*WHAT IS EXPECTED:* Word for word, restate the lines from the top of the records below through the line with "Page 6 of Niko", both included, with no pictures in the result.

Top of RECORDS SHOWN

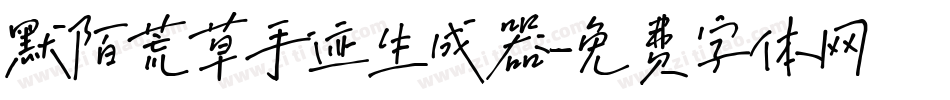默陌荒草手迹生成器字体转换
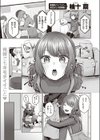 ジャストふぃっと！！試し読み2ページ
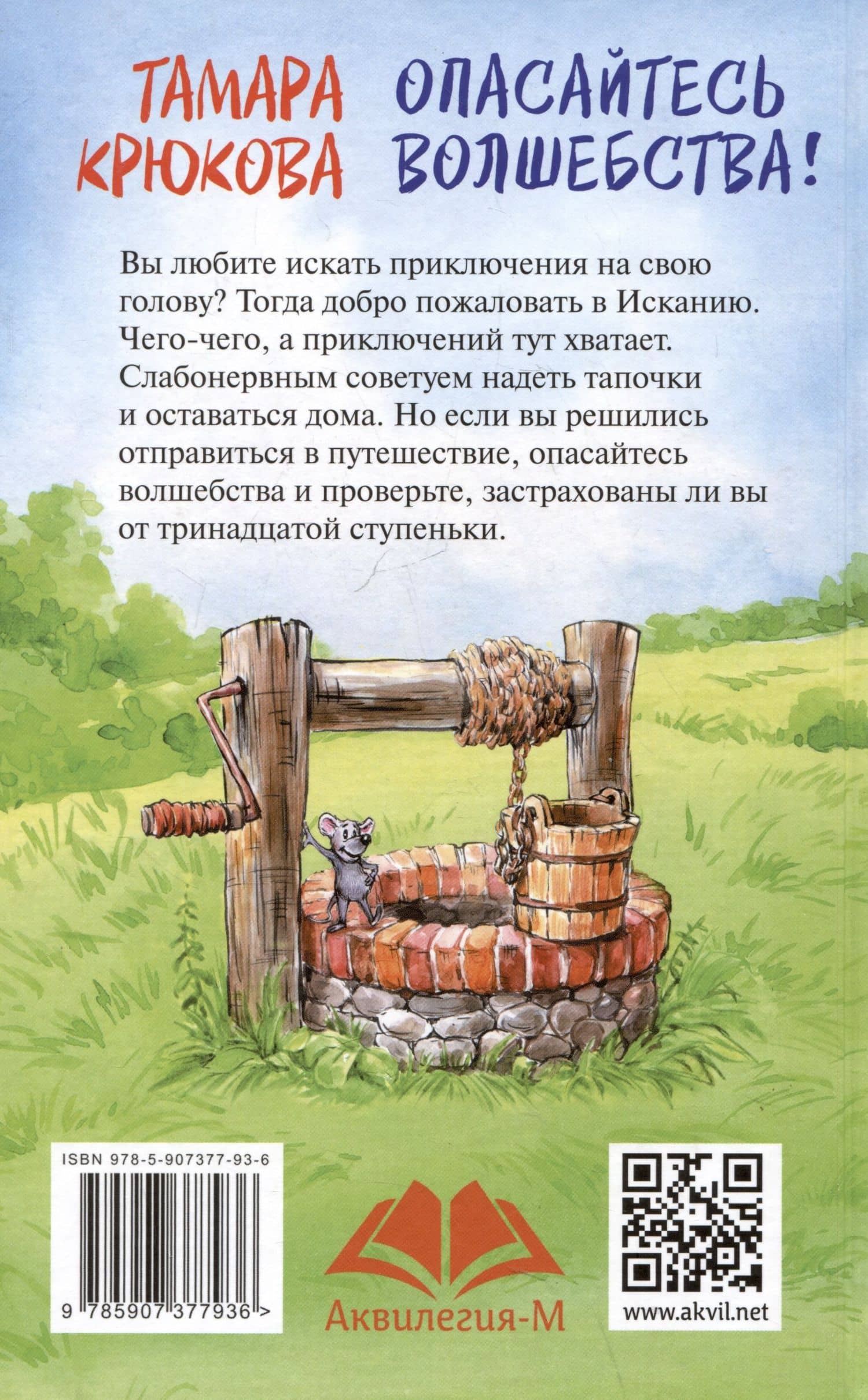 Опасайтесь волщебства — Тамара Шамильевна Крюкова (2)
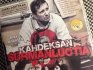 Kahdeksan surmanluotia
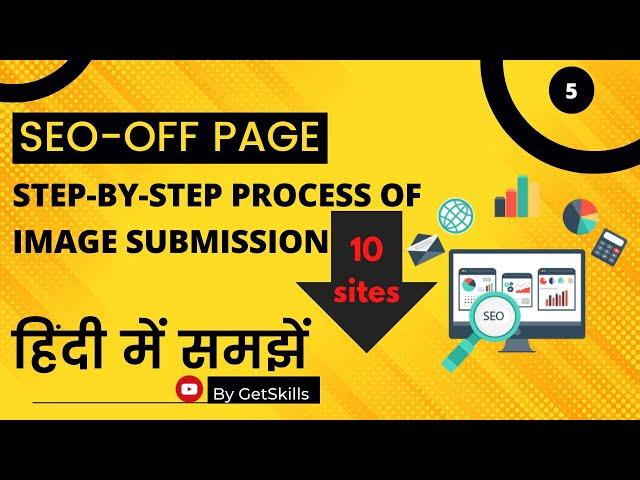 Complete Image submission tutorial For SEO | Top 10 Sites for Image submission with high DA, PA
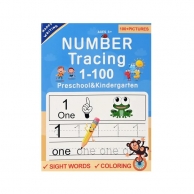 Образователна книжка Числата от 0 до 100 /Km/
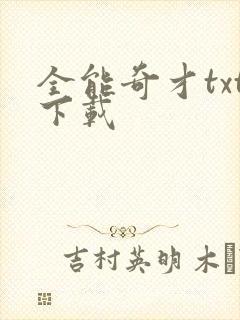 全能奇才txt下载封面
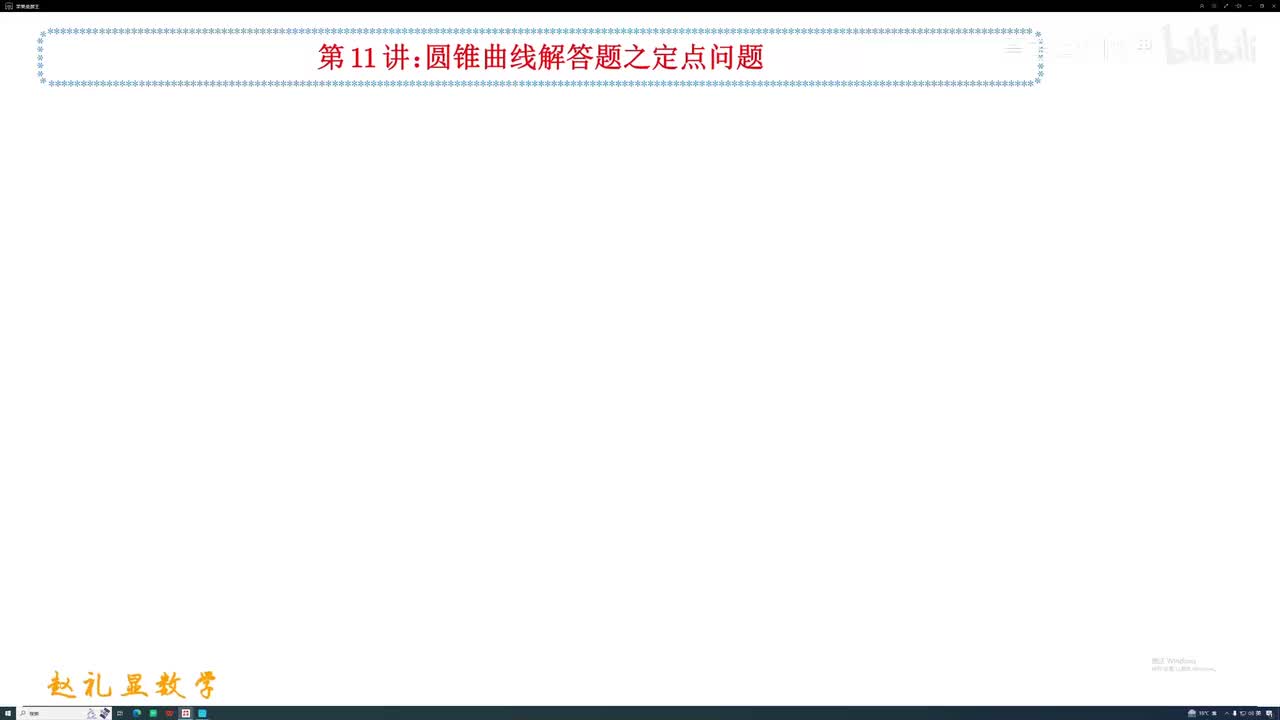 35.【秋季】第11讲 圆锥曲线解答题之定点问题
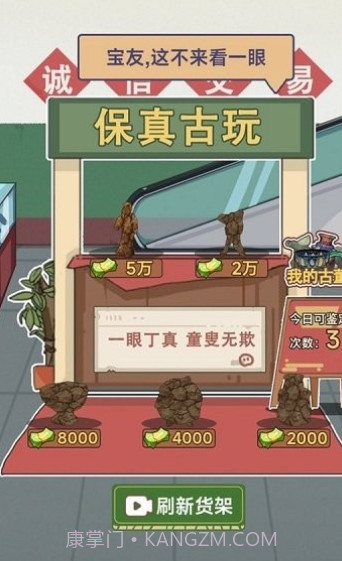 这就是逆袭截图3 这就是逆袭截图3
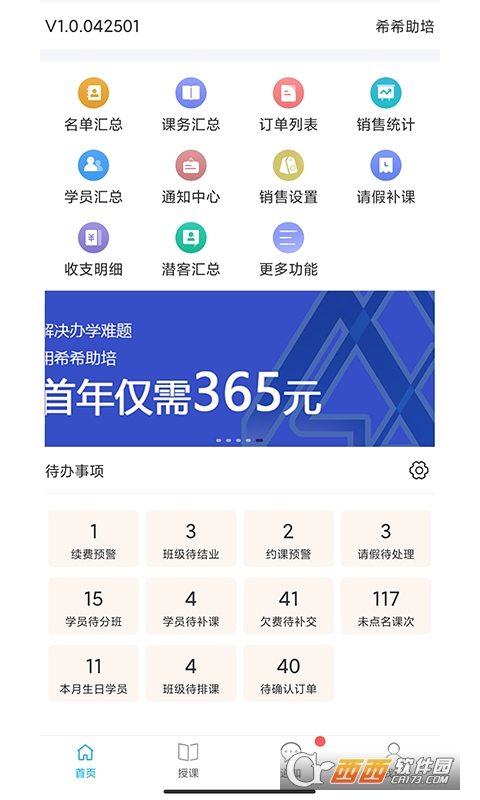 希希助培软件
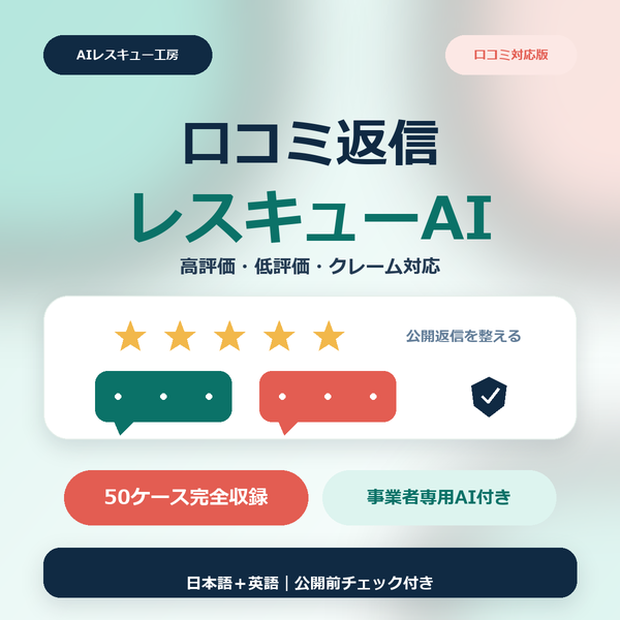 口コミ・レビュー返信レスキューAI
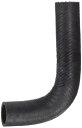 TOYOTA (トヨタ) 純正部品 ラジエータ ホース NO.3 アクア カローラ AXIO/FIELDER 品番16573-21100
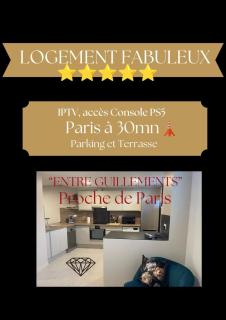 ENTRE GUILLEMETS, Terrasse privée, 2 chambres, Parking privé, proche de Paris - 8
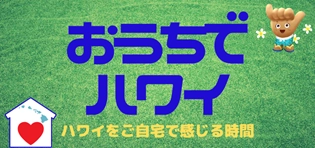 自宅でハワイ気分が体感できる「おうちでハワイ」が120万PVを突破！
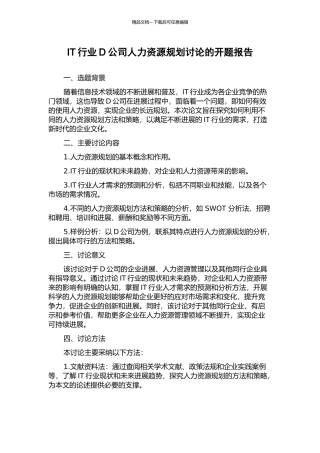 IT行业D公司人力资源规划研究的开题报告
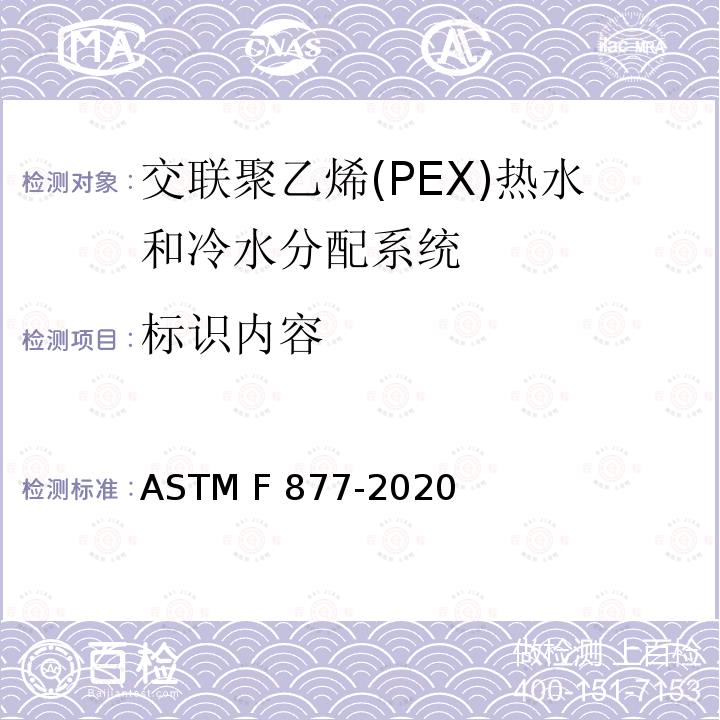 标识内容 交联聚乙烯(PEX)热水和冷水分配系统的标准规范 ASTM F877-2020
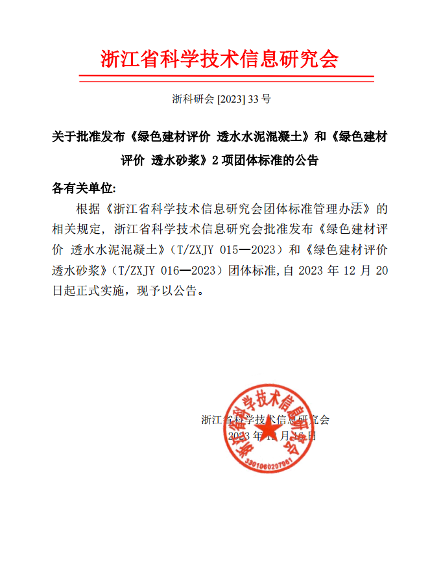 有关绿色建材评价透水水泥混凝土、透水砂浆标准明日实施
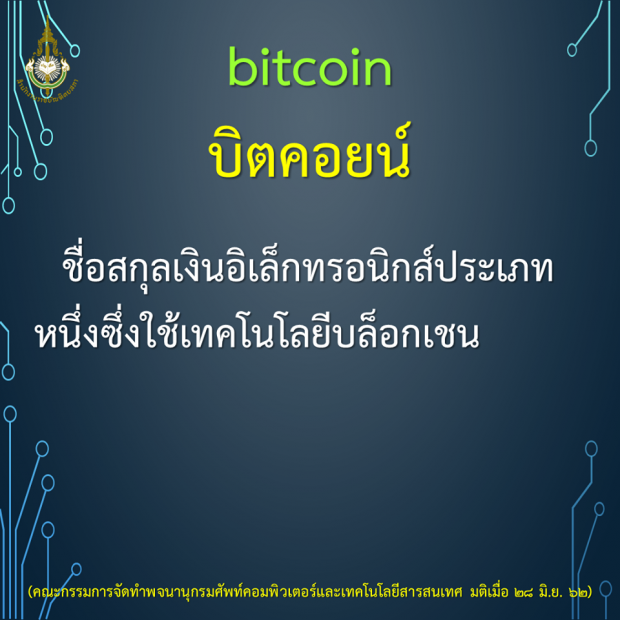 ราชบัณฑิตยสภา นิยามศัพท์สายเทคฯ AI , AR , Bitcoin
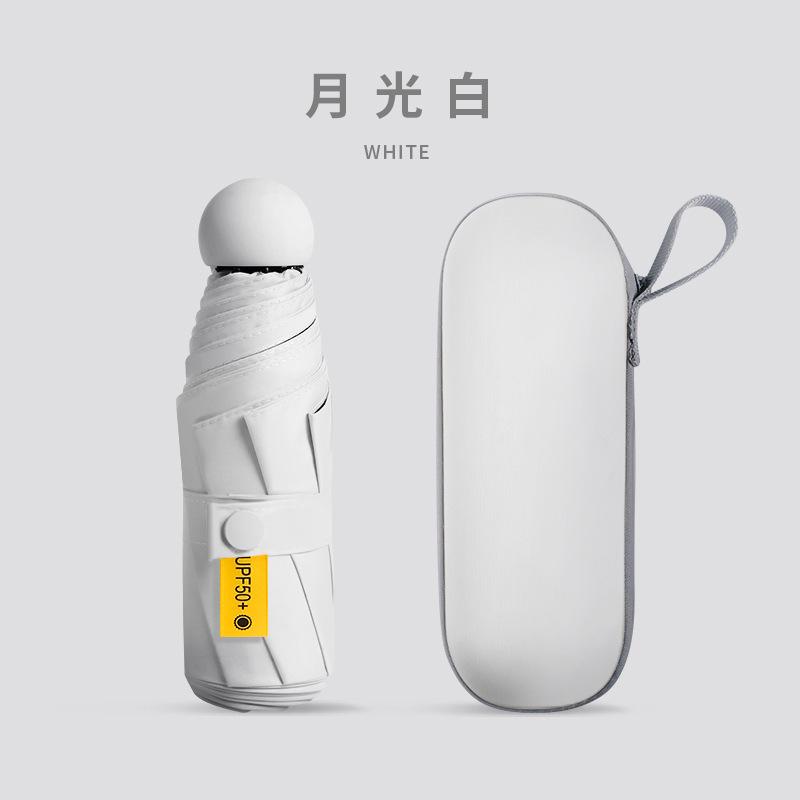 Люблю маленький и удобный солнцезащитный зонт Женский пятисложный от солнца и дождя Мини карманный солнцезащитный козырек Солнцезащитный крем Защита от УФ-излучения Зонт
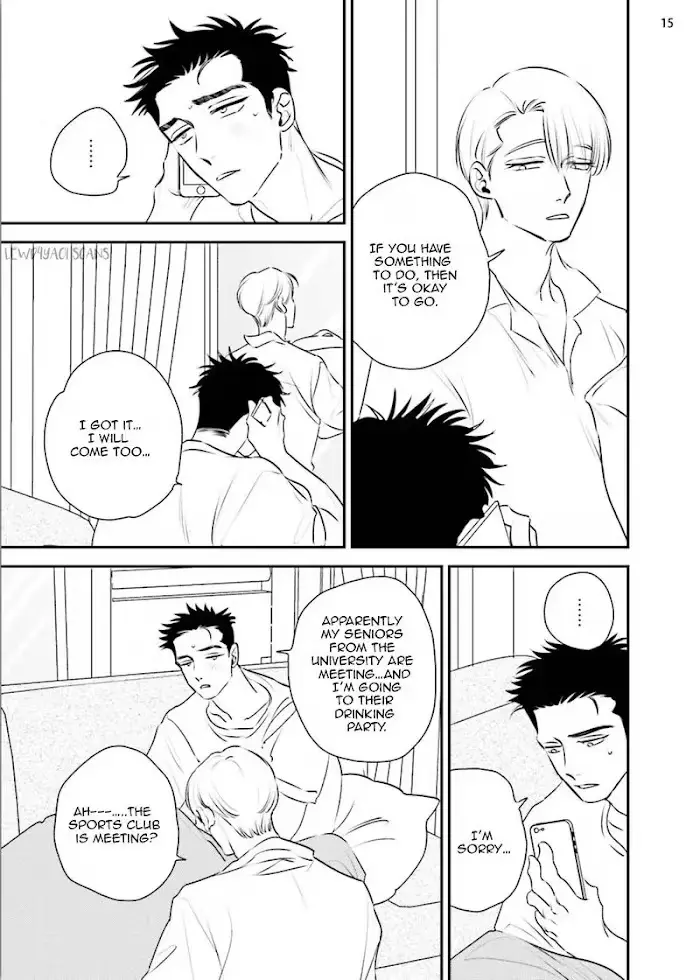 Chou To Kumo No Su - Chapter 6.5 Page 22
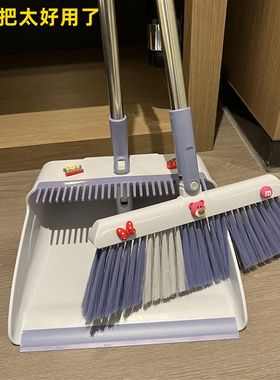 可壁挂式扫把簸萁套装高档家用可折叠磁吸垃圾铲扫帚组合不粘头发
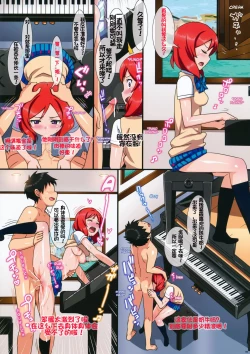 Page 6 of Niko to Maki no Natsuyasumi | Niko and Maki's Summer Vacation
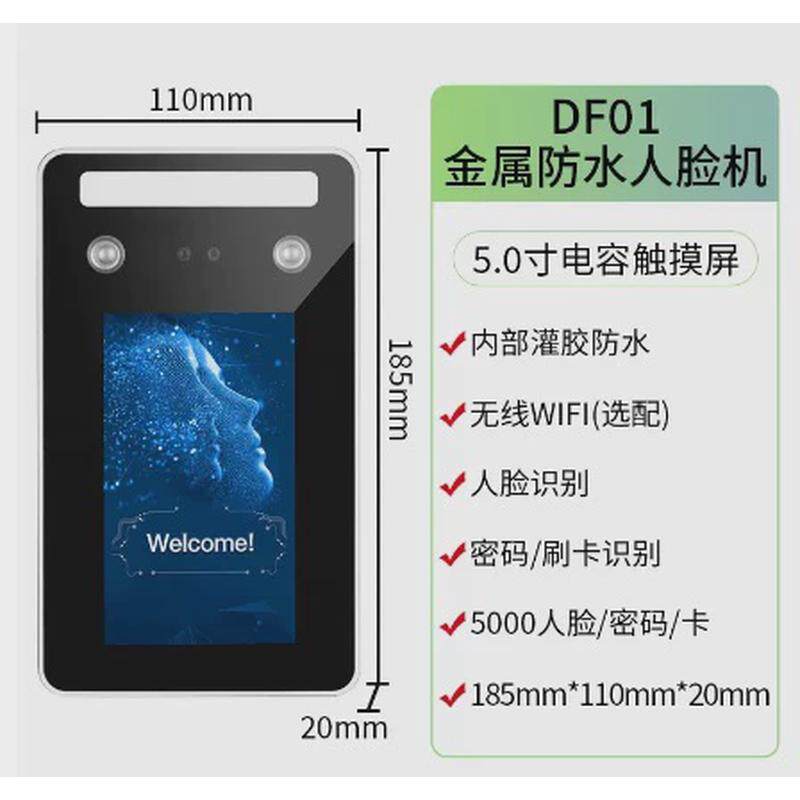 防人脸防水门禁机室外防水人脸门禁一体机道闸动态逆光磁力锁套装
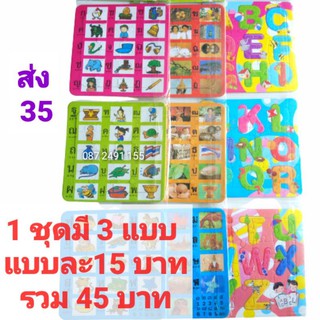 หนังสือ ABC ชุดต่อ ABC ตัวต่อกอไก่ขอไข่ ของเล่นเด็ก หนังสือเด็ก หนังสือกไก่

Bottom of RECORDS SHOWN

*EXERCISE SOLUTION:*
默陌荒草手迹生成器字体转换
 ジャストふぃっと！！試し読み2ページ
 Опасайтесь волщебства — Тамара Шамильевна Крюкова (2)
 Kahdeksan surmanluotia
 Complete Image submission tutorial For SEO | Top 10 Sites for Image submission with high DA, PA
 Образователна книжка Числата от 0 до 100 /Km/
 全能奇才txt下载封面
 35.【秋季】第11讲 圆锥曲线解答题之定点问题
 这就是逆袭截图3 这就是逆袭截图3
 希希助培软件
 口コミ・レビュー返信レスキューAI
 TOYOTA (トヨタ) 純正部品 ラジエータ ホース NO.3 アクア カローラ AXIO/FIELDER 品番16573-21100
 ENTRE GUILLEMETS, Terrasse privée, 2 chambres, Parking privé, proche de Paris - 8
 自宅でハワイ気分が体感できる「おうちでハワイ」が120万PVを突破！
 IT行业D公司人力资源规划研究的开题报告
 标识内容 交联聚乙烯(PEX)热水和冷水分配系统的标准规范 ASTM F877-2020
 有关绿色建材评价透水水泥混凝土、透水砂浆标准明日实施
 ราชบัณฑิตยสภา นิยามศัพท์สายเทคฯ AI , AR , Bitcoin
 Люблю маленький и удобный солнцезащитный зонт Женский пятисложный от солнца и дождя Мини карманный солнцезащитный козырек Солнцезащитный крем Защита от УФ-излучения Зонт
 Chou To Kumo No Su - Chapter 6.5 Page 22
 可壁挂式扫把簸萁套装高档家用可折叠磁吸垃圾铲扫帚组合不粘头发
 Page 6 of Niko to Maki no Natsuyasumi | Niko and Maki's Summer Vacation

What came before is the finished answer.